Stored entries:
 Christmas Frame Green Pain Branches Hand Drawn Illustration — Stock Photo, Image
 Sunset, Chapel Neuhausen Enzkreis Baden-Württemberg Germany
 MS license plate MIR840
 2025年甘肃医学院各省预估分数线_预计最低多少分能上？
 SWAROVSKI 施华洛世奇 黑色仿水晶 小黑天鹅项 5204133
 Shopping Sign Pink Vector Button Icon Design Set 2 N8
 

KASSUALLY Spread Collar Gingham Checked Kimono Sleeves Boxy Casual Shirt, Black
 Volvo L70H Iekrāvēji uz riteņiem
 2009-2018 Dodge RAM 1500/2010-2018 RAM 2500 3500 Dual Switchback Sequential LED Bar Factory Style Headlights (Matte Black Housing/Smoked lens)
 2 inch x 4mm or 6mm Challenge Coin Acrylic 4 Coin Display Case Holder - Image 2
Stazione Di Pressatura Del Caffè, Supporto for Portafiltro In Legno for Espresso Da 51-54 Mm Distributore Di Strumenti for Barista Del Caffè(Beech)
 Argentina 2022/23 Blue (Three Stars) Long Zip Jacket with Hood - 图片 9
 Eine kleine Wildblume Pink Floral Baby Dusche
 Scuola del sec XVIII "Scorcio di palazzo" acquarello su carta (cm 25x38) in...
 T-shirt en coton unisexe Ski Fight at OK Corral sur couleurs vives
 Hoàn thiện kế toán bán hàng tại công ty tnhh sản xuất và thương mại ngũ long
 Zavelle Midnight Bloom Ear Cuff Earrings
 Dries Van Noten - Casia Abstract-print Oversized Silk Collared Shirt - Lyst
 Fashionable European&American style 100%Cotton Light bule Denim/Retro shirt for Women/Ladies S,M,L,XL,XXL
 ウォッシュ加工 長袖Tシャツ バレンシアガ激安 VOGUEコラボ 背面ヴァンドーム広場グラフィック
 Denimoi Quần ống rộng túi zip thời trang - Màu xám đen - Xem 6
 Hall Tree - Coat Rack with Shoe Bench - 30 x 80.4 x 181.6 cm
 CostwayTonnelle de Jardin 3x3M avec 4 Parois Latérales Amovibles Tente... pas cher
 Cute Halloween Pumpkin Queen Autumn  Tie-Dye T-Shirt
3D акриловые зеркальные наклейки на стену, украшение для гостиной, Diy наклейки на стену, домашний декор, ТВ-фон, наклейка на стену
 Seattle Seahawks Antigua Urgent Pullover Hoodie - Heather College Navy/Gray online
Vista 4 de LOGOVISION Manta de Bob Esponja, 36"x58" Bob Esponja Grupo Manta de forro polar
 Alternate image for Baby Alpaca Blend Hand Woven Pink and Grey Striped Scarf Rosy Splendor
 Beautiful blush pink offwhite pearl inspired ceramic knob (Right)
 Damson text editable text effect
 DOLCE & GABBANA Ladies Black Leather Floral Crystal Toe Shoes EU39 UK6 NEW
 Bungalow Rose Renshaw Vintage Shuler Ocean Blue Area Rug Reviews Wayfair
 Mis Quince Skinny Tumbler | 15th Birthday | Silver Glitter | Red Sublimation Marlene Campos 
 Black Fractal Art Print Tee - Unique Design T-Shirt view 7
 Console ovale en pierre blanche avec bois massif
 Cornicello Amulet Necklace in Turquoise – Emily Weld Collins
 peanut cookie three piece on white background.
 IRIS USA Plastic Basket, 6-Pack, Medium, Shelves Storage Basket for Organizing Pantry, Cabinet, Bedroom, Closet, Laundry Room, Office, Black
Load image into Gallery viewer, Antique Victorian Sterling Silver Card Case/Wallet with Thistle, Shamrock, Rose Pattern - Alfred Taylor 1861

#### [Task objective]
Where the word "Blue" occurs in a line of the entries above, count that line, and reply with the total only.

#### [Your response]
2